To better understand speech, focus on who's talking: Study
Oct 30, 2021
Washington [US], October 30 : A recent study led by an international team of researchers suggested that matching the locations of faces with the speech sounds they are producing significantly improves the ability to understand them, especially in noisy areas where other talkers are present.
In the Journal of the Acoustical Society of America, published by the Acoustical Society of America through AIP Publishing, researchers from Harvard University, University of Minnesota, University of Rochester, and Carnegie Mellon University outline a set of online experiments that mimicked aspects of distracting scenes to learn more about how we focus on one audio-visual talker and ignore others.

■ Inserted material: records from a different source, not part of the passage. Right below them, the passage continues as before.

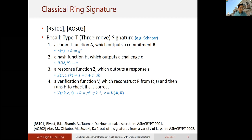Finally, there is a response function Z which outputs a response. In the Schnorr case, the response equals r plus c·sk — it is a function of the randomness, the challenge, and the secret key. To verify this Type-T signature, there is a verification function V which reconstructs R from Z and the public key, and then uses the hash function to check whether the challenge value C is correct. There are Schnorr, GQ, and many other forms of Type-T signatures in the literature.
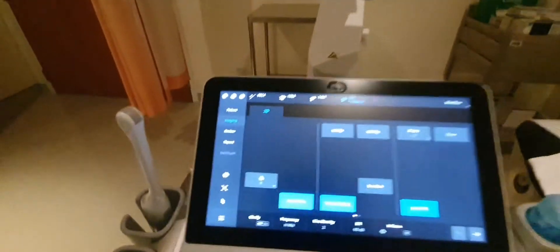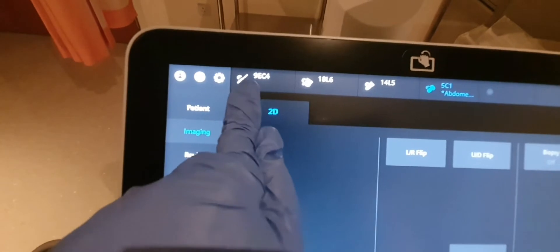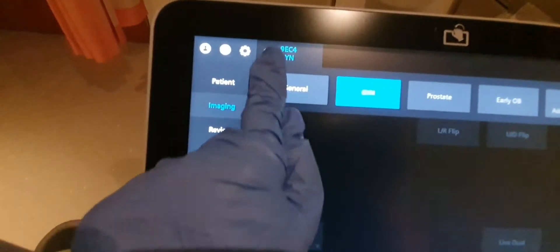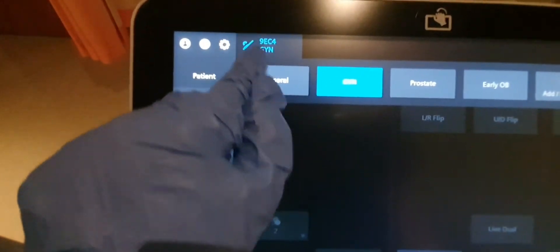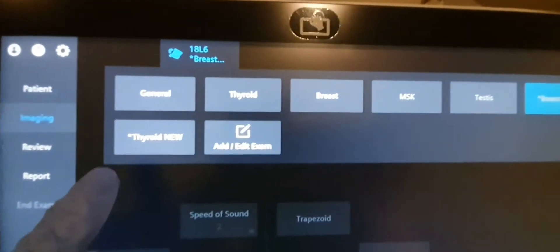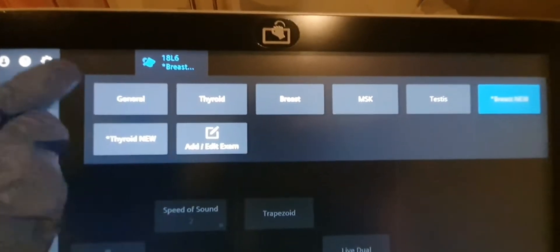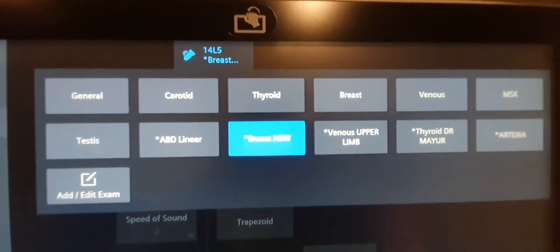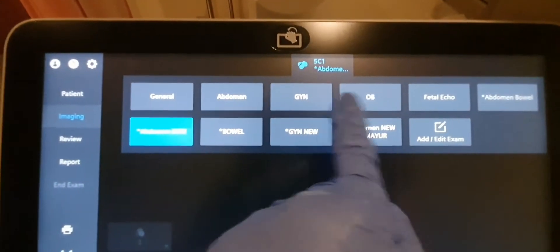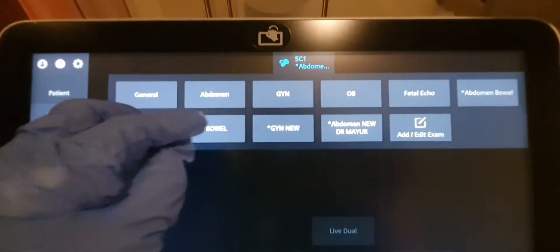Now you need to select the probe you're going to use. We have the transvaginal probe, the linear probe, and the curvilinear probe. For the transvaginal probe you can select gynaecology. For the linear probe we have thyroid, breast, and MSK — mostly for small body parts. For the curvilinear probe we have general ultrasound, gynaecology, and OB.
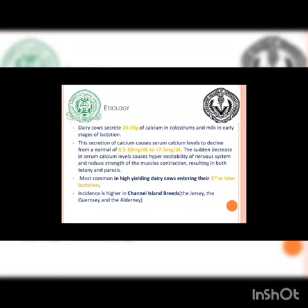Milk fever is most common in high-yielding dairy cows entering their third or later lactation. The incidence is higher in Channel Island breeds.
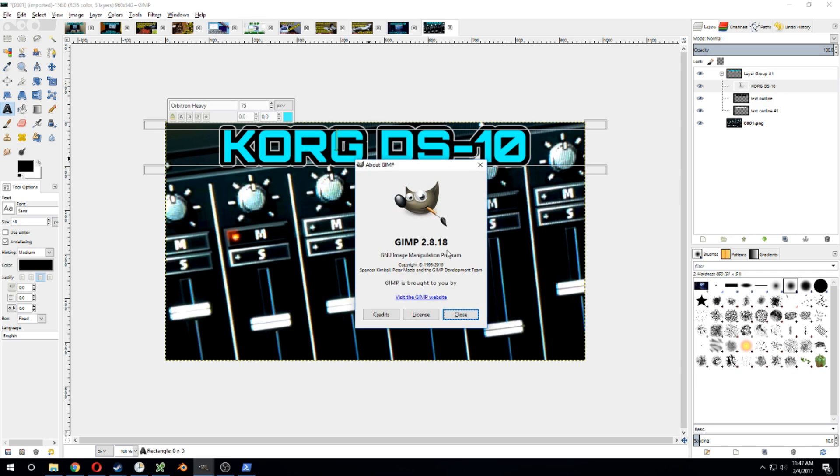I've got GIMP 2.8.18 here on Windows, so I hope this helps. Thanks for watching, see you later.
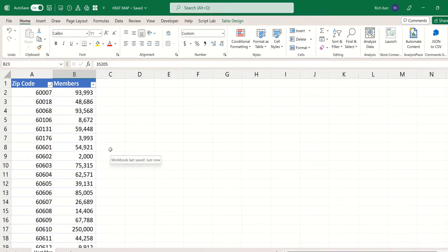Hi and welcome to another Excel Demo with Rich Kerr. In this video I'm going to show you how to create a heat map based off of postal code and a series of membership numbers for a non-profit.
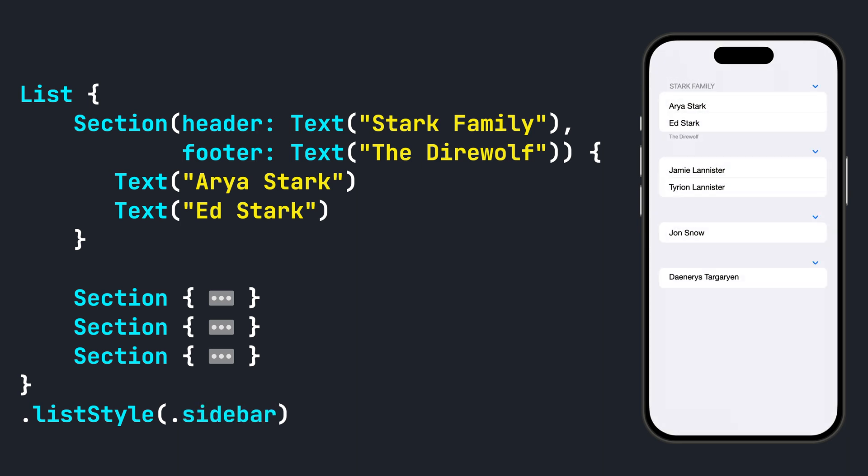Sidebar comes with a special functionality in iOS. The Sidebar list style displays disclosure indicators in the section headers. By wrapping rows inside of sections, this allows you to collapse and expand sections.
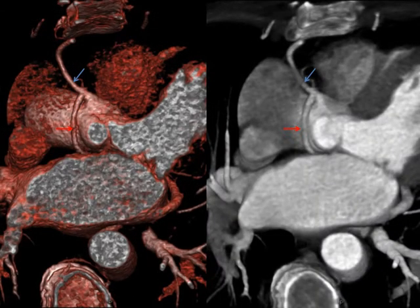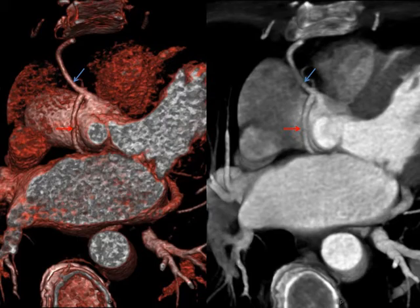Color and grayscale volume rendered images again demonstrate the RCA and left coronary artery sharing a common trunk arising from the right sinus of Valsalva.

"If there's only one multisensory object in a scene, our group and others have shown that the brain is perfectly willing to combine sounds and visual signals that come from different locations in space," said author Justin Fleming. "It's when there's a multisensory competition that spatial cues take on more importance."

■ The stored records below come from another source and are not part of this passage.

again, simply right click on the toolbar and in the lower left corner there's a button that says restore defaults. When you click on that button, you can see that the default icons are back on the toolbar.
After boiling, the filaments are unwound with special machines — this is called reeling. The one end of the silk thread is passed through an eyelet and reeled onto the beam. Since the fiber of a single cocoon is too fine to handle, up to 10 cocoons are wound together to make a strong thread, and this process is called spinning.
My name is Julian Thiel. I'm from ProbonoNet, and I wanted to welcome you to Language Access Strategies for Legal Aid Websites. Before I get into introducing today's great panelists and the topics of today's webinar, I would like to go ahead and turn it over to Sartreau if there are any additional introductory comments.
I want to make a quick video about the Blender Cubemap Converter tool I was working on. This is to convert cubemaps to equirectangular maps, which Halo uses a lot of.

The researchers first asked participants to pay attention to one talker's speech and ignore another talker, either when corresponding faces and voices originated from the same location or different locations. Participants performed significantly better when the face matched where the voice was coming from.
Next, they found task performance decreased when participants directed their gaze toward a voice trying to distract them.
Finally, the researchers showed spatial alignment between faces and voices was more important when the background noise was louder, suggesting the brain makes more use of audio-visual spatial cues in challenging sensory environments.
The pandemic forced the group to get creative about conducting such research with participants over the internet.
"We had to learn about and, in some cases, create several tasks to make sure participants were seeing and hearing the stimuli properly, wearing headphones, and following instructions," Fleming said.
Fleming hopes their findings will lead to improved designs for hearing devices and better handling of sound in virtual and augmented reality. They look to expand on their work by bringing additional real-world elements into the fold.
"Historically, we have learned a great deal about our sensory systems from studies involving simple flashes and beeps," he said. "However, this and other studies are now showing that when we make our tasks more complicated in ways that better simulate the real world, new patterns of results start to emerge."